Both city and county police department heads view Santa Fe’s parks as relatively safe. Several parks had no incidents in the past year. Of those that did, SFR’s review found that the bulk of incidents were nonviolent. West DeVargas Park, for instance, had two liquor law violations, one report of marijuana possession and one for urinating in public. Burglaries, car accidents and vandalism were common; less frequent were reports of violent crimes.
“Ninety percent of our parks, 90 percent of the time, are safe places for people to take their families,” Santa Fe Chief of Police Aric Wheeler tells SFR. “I’m a father of four, and I go to the parks on a regular basis. I take my 3-year-old all the way up to my 11-year-old, and I don’t see any major [violent crime] concerns.”
Wheeler says most of the calls he gets for city parks involve people playing loud music or transients hunkering down for the night.
“It’s dependent on each park and on the time of year,” Wheeler explains. “We probably dedicate more resources to Franklin Miles [Park] during the summer because we see an increased number of complaints concerning boom boxes.”
Santa Fe County Sheriff Greg Solano offers a similar viewpoint.

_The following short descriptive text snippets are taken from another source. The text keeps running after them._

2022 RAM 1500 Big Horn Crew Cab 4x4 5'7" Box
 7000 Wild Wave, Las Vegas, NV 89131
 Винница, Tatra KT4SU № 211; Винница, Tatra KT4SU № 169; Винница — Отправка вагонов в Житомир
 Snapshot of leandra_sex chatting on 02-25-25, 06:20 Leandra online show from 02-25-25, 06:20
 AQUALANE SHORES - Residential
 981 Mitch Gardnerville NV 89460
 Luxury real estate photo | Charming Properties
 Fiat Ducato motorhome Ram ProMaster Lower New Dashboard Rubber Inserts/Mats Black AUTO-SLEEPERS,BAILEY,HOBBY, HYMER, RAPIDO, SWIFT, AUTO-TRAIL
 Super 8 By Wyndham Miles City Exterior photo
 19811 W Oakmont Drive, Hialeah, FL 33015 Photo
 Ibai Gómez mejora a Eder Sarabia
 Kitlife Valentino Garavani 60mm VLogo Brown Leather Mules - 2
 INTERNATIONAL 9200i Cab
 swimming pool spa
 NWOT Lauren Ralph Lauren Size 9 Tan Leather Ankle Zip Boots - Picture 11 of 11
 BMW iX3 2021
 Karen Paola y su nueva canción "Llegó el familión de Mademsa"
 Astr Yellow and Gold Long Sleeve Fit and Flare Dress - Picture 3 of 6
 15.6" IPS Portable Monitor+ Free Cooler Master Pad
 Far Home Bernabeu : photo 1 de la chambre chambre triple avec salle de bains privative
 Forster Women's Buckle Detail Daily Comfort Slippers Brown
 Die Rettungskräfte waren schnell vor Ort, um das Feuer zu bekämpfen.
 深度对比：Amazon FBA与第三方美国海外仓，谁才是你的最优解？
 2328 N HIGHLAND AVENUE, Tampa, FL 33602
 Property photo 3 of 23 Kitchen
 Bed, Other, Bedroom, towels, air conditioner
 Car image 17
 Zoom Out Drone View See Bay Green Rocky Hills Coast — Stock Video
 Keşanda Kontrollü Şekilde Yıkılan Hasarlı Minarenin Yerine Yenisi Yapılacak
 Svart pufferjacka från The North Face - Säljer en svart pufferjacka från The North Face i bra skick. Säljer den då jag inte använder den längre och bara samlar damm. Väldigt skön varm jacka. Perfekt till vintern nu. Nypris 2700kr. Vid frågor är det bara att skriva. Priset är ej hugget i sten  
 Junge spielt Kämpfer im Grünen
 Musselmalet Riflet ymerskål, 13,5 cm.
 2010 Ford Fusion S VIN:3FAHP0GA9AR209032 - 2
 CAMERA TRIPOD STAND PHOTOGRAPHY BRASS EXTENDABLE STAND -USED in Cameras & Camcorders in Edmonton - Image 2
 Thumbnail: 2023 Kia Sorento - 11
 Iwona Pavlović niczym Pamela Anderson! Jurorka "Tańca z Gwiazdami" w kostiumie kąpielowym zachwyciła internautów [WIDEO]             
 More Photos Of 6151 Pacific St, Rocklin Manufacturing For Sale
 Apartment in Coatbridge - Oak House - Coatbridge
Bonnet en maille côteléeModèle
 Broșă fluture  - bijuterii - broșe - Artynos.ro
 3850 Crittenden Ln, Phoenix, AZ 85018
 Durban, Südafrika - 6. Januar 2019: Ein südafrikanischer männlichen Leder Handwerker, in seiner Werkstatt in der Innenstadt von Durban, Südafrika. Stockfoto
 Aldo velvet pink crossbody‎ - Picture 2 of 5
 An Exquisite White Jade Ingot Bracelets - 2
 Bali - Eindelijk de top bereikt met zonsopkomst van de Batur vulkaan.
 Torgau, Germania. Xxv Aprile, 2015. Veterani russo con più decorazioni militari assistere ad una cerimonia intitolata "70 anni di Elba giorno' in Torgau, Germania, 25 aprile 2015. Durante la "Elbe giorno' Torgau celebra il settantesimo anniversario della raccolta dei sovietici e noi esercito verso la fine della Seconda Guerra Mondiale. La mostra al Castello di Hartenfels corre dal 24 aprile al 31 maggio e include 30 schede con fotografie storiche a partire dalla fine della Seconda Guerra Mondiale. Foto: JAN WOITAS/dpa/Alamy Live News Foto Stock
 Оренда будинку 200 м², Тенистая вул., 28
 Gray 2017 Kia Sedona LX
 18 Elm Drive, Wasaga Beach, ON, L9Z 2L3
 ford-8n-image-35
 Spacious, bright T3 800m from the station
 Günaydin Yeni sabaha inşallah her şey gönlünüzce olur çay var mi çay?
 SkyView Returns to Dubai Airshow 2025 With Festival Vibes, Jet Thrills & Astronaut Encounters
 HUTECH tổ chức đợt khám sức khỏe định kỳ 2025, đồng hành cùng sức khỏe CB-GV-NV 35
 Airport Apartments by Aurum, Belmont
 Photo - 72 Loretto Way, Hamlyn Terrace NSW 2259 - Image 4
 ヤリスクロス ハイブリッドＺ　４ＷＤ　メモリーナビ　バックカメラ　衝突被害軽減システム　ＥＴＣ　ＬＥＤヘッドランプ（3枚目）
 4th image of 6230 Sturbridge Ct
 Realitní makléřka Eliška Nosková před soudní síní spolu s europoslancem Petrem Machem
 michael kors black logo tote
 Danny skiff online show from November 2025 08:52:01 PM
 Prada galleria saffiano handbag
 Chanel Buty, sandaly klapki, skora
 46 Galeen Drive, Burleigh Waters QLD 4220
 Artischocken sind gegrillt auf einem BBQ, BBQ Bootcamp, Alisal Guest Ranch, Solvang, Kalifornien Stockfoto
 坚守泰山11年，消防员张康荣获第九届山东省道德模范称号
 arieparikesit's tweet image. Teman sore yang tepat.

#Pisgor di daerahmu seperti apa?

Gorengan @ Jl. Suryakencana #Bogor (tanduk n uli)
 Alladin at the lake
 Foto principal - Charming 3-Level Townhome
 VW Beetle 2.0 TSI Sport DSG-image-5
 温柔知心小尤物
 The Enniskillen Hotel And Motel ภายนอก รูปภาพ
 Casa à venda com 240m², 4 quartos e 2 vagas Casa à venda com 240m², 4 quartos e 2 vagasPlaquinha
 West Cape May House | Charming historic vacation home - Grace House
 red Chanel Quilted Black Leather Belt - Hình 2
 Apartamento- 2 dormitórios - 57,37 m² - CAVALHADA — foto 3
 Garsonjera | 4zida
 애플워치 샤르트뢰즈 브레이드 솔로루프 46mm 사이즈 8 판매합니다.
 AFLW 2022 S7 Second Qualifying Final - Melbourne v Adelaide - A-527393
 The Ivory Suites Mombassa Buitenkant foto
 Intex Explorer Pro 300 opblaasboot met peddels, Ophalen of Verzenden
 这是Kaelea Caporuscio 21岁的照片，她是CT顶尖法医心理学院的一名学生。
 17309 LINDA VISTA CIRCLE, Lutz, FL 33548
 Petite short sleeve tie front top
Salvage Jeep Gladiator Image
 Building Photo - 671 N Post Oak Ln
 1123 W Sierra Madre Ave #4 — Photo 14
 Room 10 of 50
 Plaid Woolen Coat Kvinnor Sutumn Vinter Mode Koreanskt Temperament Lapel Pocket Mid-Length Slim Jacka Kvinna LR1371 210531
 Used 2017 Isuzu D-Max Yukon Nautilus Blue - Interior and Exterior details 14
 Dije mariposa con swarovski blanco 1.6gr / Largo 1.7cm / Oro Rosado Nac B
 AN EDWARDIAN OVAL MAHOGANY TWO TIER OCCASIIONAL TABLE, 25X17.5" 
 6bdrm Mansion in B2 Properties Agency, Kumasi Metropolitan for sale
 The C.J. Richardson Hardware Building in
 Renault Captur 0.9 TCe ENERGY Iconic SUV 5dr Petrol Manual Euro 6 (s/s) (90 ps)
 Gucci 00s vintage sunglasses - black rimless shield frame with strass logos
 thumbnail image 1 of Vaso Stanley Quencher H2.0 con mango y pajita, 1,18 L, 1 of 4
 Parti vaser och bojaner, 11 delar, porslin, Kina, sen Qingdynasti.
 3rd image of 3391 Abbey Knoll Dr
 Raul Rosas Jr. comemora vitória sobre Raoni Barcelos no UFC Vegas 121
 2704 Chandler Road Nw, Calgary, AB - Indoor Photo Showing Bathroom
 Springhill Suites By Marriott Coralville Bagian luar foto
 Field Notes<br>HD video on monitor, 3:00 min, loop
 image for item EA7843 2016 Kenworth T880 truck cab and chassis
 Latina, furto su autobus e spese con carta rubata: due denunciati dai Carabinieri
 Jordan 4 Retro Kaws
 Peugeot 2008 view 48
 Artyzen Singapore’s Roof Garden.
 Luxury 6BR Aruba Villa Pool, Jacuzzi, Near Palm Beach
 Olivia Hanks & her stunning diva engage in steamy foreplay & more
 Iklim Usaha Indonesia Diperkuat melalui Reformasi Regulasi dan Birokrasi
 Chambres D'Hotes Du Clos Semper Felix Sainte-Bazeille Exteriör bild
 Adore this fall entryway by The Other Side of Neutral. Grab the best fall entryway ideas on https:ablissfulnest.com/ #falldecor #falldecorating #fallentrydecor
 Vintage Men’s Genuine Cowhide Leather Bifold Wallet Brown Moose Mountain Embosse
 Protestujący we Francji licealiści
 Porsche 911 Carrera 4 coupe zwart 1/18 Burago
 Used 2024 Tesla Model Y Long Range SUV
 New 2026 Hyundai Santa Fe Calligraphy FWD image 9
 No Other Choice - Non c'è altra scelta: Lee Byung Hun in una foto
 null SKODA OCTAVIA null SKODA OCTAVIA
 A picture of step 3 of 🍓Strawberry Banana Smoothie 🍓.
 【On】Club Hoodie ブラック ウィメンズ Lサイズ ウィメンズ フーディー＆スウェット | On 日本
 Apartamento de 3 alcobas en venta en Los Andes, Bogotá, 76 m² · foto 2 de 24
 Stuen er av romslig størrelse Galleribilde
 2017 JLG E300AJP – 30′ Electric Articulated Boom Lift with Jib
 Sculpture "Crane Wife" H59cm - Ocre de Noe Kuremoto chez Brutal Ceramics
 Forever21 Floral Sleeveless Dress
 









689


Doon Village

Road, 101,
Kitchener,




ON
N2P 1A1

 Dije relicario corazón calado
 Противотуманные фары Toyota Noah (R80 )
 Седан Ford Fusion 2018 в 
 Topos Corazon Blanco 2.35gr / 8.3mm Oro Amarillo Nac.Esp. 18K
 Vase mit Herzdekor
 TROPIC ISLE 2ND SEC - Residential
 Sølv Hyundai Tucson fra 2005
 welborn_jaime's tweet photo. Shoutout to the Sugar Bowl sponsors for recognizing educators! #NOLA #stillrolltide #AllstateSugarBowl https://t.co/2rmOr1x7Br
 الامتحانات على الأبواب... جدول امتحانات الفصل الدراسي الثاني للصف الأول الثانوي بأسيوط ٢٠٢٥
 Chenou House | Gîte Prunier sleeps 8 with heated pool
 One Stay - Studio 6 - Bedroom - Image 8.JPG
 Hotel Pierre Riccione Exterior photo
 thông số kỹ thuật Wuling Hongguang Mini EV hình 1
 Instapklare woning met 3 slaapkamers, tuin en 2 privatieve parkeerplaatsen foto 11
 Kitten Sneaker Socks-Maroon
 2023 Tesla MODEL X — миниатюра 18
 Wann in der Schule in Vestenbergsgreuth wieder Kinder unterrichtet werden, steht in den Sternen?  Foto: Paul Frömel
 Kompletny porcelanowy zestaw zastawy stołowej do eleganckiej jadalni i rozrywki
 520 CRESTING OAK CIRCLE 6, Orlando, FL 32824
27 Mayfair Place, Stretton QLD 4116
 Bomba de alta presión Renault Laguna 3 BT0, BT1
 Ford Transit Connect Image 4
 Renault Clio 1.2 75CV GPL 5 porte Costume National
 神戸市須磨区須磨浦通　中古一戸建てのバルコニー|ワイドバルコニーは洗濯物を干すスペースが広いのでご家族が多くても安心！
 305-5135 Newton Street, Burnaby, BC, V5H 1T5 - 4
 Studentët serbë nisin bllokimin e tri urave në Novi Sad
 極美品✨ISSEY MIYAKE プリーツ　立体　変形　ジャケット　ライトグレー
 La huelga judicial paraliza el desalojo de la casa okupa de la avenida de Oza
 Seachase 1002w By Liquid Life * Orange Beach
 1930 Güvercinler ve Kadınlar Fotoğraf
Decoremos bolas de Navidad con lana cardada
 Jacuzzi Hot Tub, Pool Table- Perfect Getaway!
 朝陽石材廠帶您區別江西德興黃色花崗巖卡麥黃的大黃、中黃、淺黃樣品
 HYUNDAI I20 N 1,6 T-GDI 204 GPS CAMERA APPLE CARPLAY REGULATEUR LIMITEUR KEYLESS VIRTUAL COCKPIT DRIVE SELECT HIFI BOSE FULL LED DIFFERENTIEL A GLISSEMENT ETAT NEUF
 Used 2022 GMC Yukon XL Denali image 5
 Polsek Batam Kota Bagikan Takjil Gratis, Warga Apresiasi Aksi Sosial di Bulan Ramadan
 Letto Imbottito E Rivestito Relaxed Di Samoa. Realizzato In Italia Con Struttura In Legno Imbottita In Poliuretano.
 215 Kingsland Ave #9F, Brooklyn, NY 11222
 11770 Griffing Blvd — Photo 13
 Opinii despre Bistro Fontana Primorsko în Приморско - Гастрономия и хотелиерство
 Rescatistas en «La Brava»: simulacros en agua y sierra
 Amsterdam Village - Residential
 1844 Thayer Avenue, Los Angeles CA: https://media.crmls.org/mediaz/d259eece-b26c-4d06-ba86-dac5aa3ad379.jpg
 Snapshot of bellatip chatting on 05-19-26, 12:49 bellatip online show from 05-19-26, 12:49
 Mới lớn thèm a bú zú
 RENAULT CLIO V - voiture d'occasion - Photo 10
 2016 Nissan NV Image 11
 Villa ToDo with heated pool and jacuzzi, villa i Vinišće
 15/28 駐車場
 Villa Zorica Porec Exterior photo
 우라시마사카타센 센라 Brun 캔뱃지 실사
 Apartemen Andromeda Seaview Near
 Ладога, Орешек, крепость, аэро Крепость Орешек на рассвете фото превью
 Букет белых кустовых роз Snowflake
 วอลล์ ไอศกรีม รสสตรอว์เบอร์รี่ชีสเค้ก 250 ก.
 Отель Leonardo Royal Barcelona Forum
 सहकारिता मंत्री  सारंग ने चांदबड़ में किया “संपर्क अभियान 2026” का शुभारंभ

“We don’t have a lot of crime in the parks,” Solano says. “It’s usually nuisance calls—people out late in the parks.”
But the relative infrequency of violent crime doesn’t make it any less disturbing. Police records chronicle an “unattended death” at Calle Lorca Park last December, for instance, and a report of aggravated assault and battery around noon in Patrick Smith Park at the end of this July.
Wheeler says the Santa Fe Police keep track of the parks as part of their regular patrols, and that he’ll only allocate extra resources if there’s a problem.
“It’s all dependent on what the officer sees each day,” Wheeler says. “Usually after we dedicate an officer or two to [a problem area], after a couple weeks, we start to see a decline in that type of activity.”